» What you have to do:
Would you return, word for word, the lines of the data below from the line with "REDPANT Cheese Grater" through the line with "Floral Champagne Coquette", and no others?

[Data shown Boundary: Start]

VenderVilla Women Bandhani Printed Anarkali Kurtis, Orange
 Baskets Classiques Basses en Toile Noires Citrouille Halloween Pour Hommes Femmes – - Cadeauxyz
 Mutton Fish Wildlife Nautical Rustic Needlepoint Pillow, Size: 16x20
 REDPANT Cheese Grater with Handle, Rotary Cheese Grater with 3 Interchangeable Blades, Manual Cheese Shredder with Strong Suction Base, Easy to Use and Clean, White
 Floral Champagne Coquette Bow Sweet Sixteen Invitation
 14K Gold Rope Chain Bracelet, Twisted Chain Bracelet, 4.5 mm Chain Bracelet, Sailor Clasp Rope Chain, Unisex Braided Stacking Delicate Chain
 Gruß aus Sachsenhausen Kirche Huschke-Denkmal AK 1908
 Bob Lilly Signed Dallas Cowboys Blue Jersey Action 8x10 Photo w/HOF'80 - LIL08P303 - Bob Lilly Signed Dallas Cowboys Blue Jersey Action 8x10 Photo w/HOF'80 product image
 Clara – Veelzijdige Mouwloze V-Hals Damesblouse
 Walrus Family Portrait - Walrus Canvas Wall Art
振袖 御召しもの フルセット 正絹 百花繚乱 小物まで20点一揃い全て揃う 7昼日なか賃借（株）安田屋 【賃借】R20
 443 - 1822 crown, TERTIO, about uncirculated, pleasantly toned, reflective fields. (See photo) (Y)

[Data shown Boundary: End]

» Solution below:
 REDPANT Cheese Grater with Handle, Rotary Cheese Grater with 3 Interchangeable Blades, Manual Cheese Shredder with Strong Suction Base, Easy to Use and Clean, White
 Floral Champagne Coquette Bow Sweet Sixteen Invitation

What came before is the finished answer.